Skip to main content

Data standard, storage and retrieval for leaks and document collections

Project description

leakrfc

An RFC for leaks

leak-rfc.org

leakrfc provides a data standard and archive storage for leaked data, private and public document collections. The concepts and implementations are originally inspired by mmmeta and Aleph's servicelayer archive.

leakrfc acts as a standardized storage and retrieval mechanism for documents and their metadata.

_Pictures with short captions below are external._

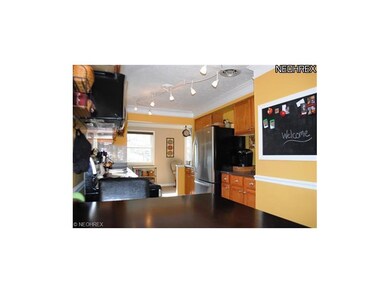 317 Thelma Dr, Sheffield Lake, OH 44054 - photo 6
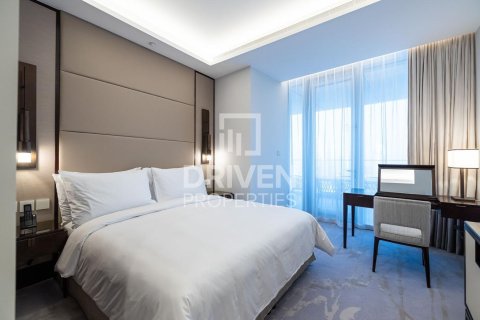 Apartment in The Address Sky View Towers, Downtown Dubai (Downtown Burj Dubai), Dubai 3 bedrooms, 225.94 sq.m. № 145587 - photo 5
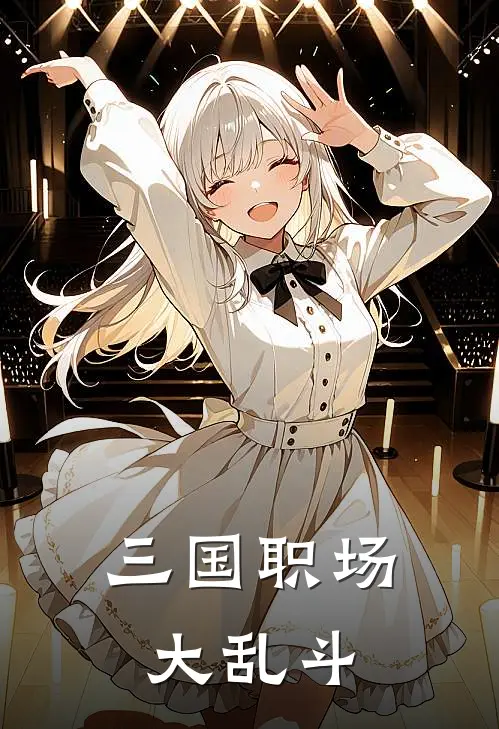 三国职场大乱斗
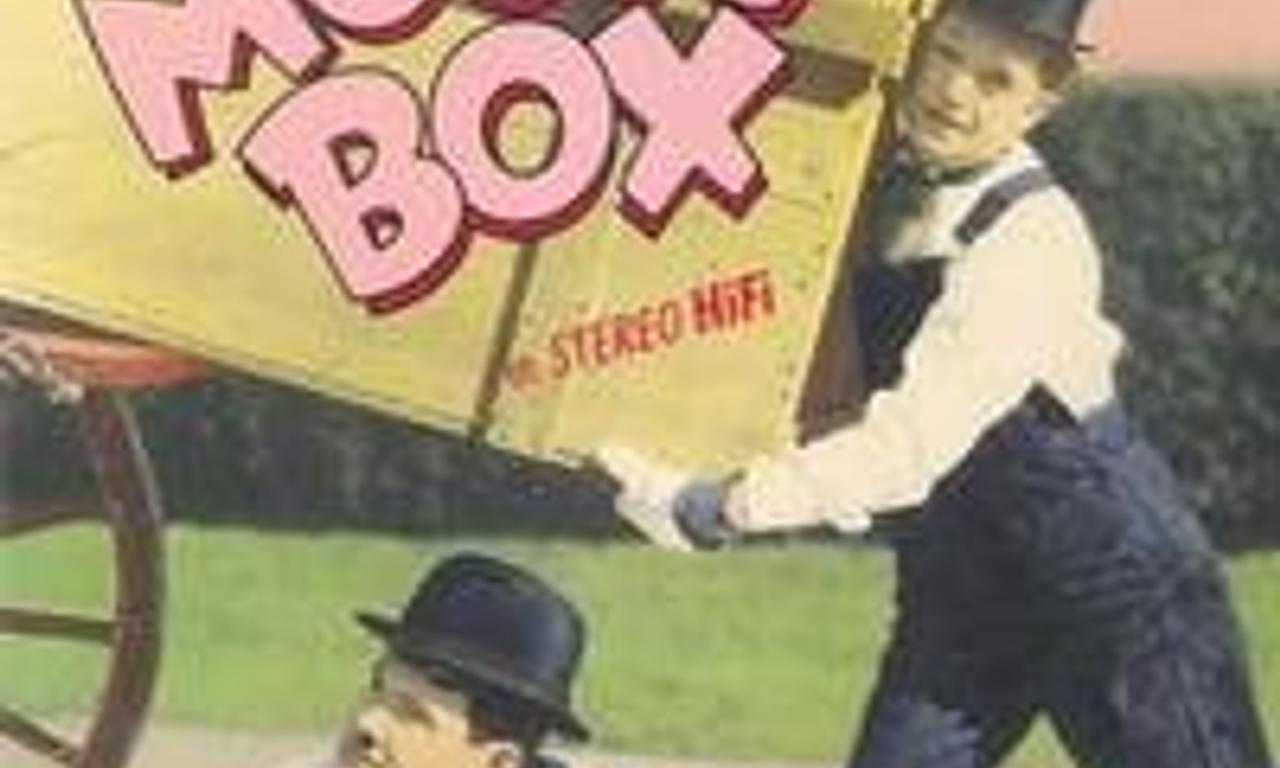 header image for The Music Box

It provides an high-level interface for generating and sharing document collections and importing them into various analysis platforms, such as ICIJ Datashare, Liquid Investigations, and Aleph.

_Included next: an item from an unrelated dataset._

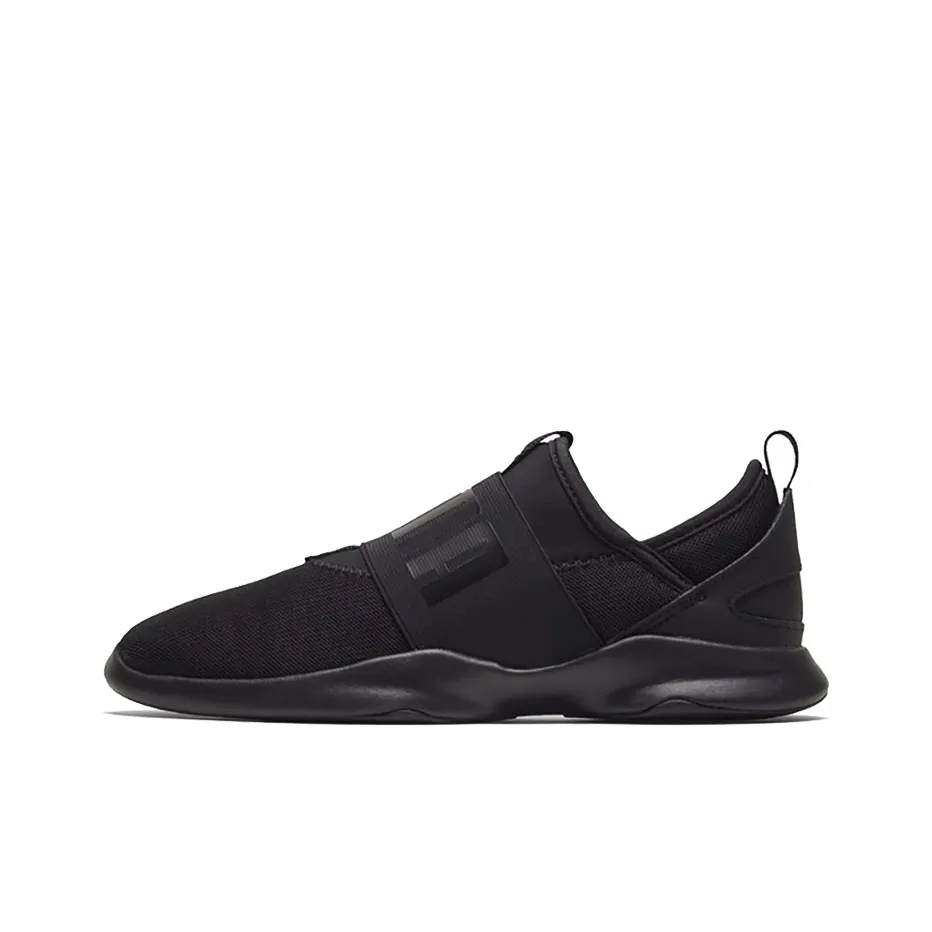PUMA Dare Pure Black Unisex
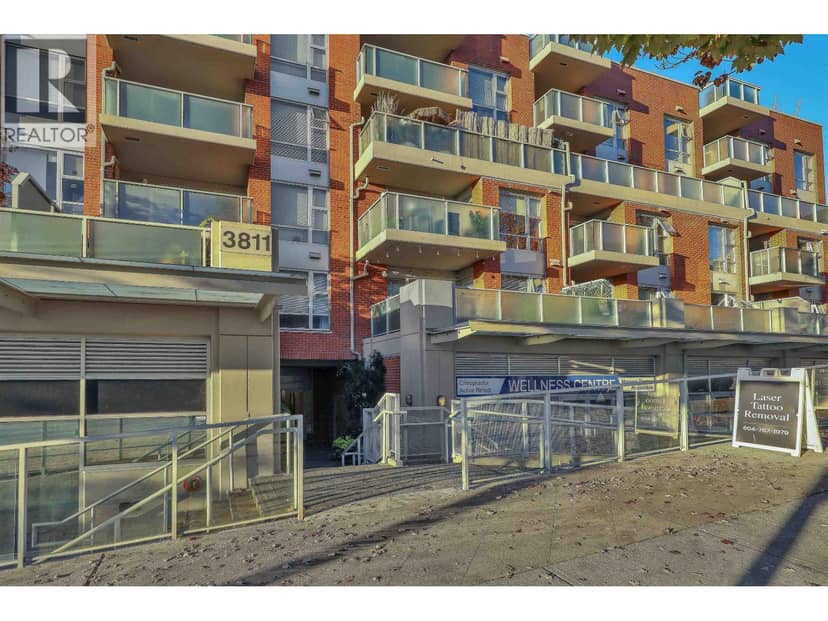 206 3811 HASTINGS STREET, Burnaby, photo 3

It can act as a drop-in replacement for the underlying archive of Aleph.

install

pip install leakrfc

build a dataset

leakrfc stores metadata for the files that then refers to the actual source file.

List the files in a public accessible source (using anystore):

ANYSTORE_URI="https://data.ddosecrets.com/Patriot%20Front/patriotfront/2021/Organizational%20Documents%20and%20Notes/" anystore keys

Crawl these documents into this dataset:

leakrfc -d ddos_patriotfront crawl "https://data.ddosecrets.com/Patriot%20Front/patriotfront/2021/Organizational%20Documents%20and%20Notes"

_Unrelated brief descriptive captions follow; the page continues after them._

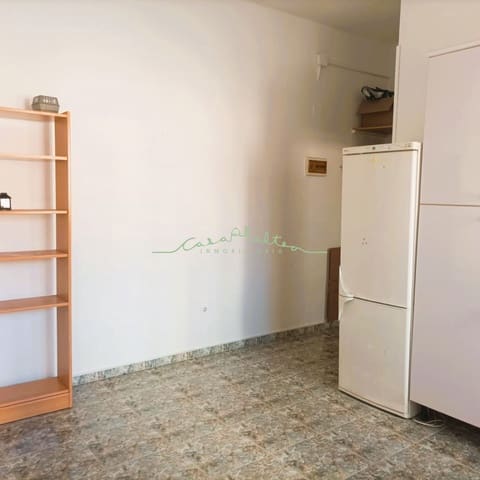 Studio zu verkaufen in Centro Urbano, Benidorm mit Pool - 160.000 € (Ref: 7363962)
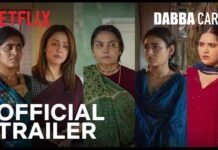 Five Women, One Dangerous Recipe: Netflix’s ‘Dabba Cartel’ Trailer Unveils a Thrilling World of Crime and Survival
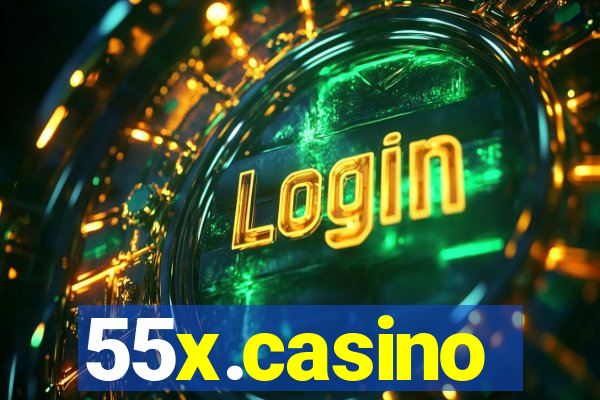 55x.casino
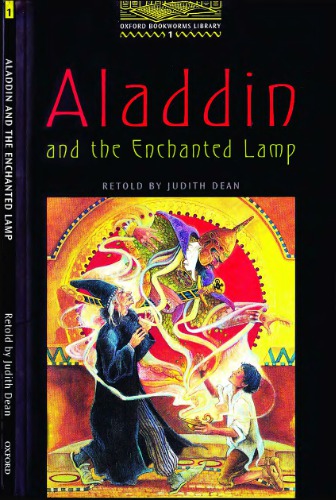 Aladdin and the Enchanted Lamp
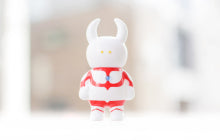WHITE ULTRAUAMOU RELEASED!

The metadata and source files are now stored in the archive (./data by default). All metadata and other information lives in the ddos_patriotfront/.leakrfc subdirectory. Files are keyed and retrievable by their checksum (default: sha1).

Retrieve file metadata:

leakrfc -d ddos_patriotfront head "19338a97797bcc0eeb832cf7169cbbafc54ed255"

Retrieve actual file blob:

leakrfc -d ddos_patriotfront get "19338a97797bcc0eeb832cf7169cbbafc54ed255" > file.pdf

api

run api

export LEAKRFC_ARCHIVE__URI=./data
uvicorn leakrfc.api:app

request a file

For public files:

# metadata only via headers
curl -I "http://localhost:5000/<dataset>/<sha1>"

# bytes stream of file
curl -s "http://localhost:5000/<dataset>/<sha1>" > /tmp/file.lrfc

Authorization expects an encrypted bearer token with the dataset and key lookup in the subject (token payload: {"sub": "<dataset>/<key>"}). Therefore, clients need to be able to create such tokens (knowing the secret key) and handle dataset permissions.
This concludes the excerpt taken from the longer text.